Am 14. Juni stimmen wir über zwei Vorlagen ab, die den Verkehr in der Stadt Zürich massgeblich negativ beeinflussen könnten. Beide Vorlagen wirken auf den ersten Blick durchdacht, was leider irreführend ist. Der sogenannte Parkplatzkompromiss ist eine konservative Initiative, die die Parkplätze für Velos und Autos schützen möchte. Im Grunde geht es darum, die Anzahl der Parkplätze in der Stadt Zürich auf dem Stand von Januar 2025 einzufrieren. Das heisst, wird ein Parkplatz abgebaut, muss er irgendwo ersetzt werden. Es wird stark betont, dass es um Parkplätze für Velos und Autos geht. Das klingt zuerst ganz nett für Velos, aber diese Initiative schafft faktisch ein Verbot, Autoparkplätze abzubauen.
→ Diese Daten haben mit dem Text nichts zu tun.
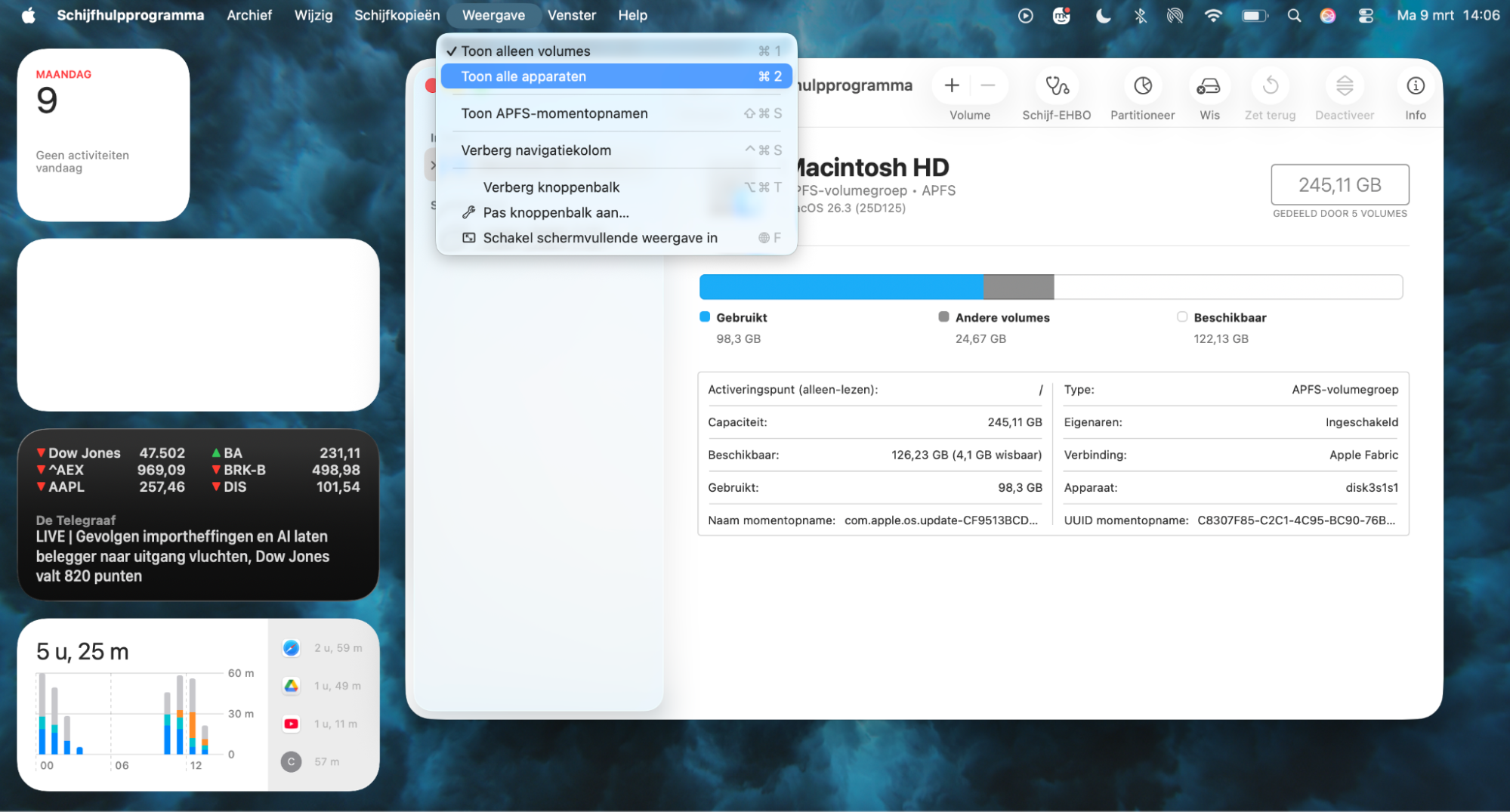 Om EHBO uit te voeren, kies je wanneer Schijfhulpprogramma is geopend in de menubalk Weergave > Toon alle apparaten, als deze optie beschikbaar is. Containers en volumes worden in de navigatiekolom onder elke schijf weergegeven. De structuur is: Schijf > Container > Volume, waarbij elk niveau binnen het vorige is genest.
Die Initiant*innen betonen, dass das Gewerbe Parkplätze für den Umschlag brauche. Dabei hat die Bevölkerung das Gewerbe mit der neuen Parkkartenverordnung im November 2025 bereits entlastet. Zürich braucht nicht gleich viele Autoparkplätze wie im Januar 2025. Wir brauchen mehr Flächen für Menschen, für schattenspendende Bäume, für breite und durchgängige Velowege, die vom Fussverkehr getrennt sind. Dies wurde von der Stadtbevölkerung mit der Annahme des kommunalen Richtplan und der Stadtklima-Initiativen klar vorgegeben. Dafür müssen wir den begrenzten Strassenraum neu denken, für Menschen und nicht für parkierte Autos. Die im Oktober 2025 eingereichte Verkehrswendeinitiative wird dem gerecht. Sie berücksichtigt neben dem Gewerbe, auch Blaulichtorganisationen, Schichtarbeitende und Menschen mit eingeschränkter Mobilität und somit auch die, die wirklich ein Auto brauchen. Solche Lösungen braucht Zürich im Jahr 2026, nicht einen sogenannten «Parkplatzkompromiss». Paris ist ein schönes Beispiel dafür, was passiert, wenn Infrastruktur für den Velo- und den Fussverkehr Priorität erhält. Die Feuerwehr kommt schneller ans Ziel, weil Velofahrende und Fussgänger*innen rascher ausweichen können als Autos, die Luftqualität verbessert sich und es gibt weniger Verkehrsunfälle. Der «Parkplatzkompromiss» würde all dies verhindern und verdient ein klares Nein!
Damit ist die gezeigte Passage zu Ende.